• _Directions for this task_:
Among the entries that follow, the required portion opens with the line containing "Combination Bulletin Board" and closes with the line containing "YMRR 4 step". Give that portion again exactly, and nothing else.

[Stored data]
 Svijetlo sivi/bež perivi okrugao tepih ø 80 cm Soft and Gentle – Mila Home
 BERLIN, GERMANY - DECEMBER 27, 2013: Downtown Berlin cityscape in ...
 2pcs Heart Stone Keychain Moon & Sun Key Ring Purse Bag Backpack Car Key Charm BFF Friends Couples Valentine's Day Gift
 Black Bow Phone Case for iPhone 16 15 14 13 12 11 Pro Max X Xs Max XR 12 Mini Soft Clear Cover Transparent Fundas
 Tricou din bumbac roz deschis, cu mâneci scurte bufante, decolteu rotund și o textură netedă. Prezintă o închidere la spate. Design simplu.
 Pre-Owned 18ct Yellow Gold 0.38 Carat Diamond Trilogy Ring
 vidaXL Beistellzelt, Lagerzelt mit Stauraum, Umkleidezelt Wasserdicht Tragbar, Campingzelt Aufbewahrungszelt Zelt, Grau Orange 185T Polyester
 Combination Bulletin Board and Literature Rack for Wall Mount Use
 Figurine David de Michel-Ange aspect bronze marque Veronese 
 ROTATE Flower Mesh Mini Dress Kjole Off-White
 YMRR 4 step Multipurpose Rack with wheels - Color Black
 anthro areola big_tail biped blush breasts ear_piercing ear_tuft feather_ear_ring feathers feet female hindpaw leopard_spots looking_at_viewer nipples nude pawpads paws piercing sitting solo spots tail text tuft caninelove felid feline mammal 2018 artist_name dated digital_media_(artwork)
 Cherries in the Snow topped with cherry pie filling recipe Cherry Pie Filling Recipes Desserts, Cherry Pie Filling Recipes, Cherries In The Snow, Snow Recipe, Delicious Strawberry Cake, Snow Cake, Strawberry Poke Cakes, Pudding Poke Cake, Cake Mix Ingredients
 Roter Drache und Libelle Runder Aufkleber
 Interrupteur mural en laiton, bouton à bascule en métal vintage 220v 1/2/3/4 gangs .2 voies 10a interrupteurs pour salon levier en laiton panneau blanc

• _Your solution_:
 Combination Bulletin Board and Literature Rack for Wall Mount Use
 Figurine David de Michel-Ange aspect bronze marque Veronese 
 ROTATE Flower Mesh Mini Dress Kjole Off-White
 YMRR 4 step Multipurpose Rack with wheels - Color Black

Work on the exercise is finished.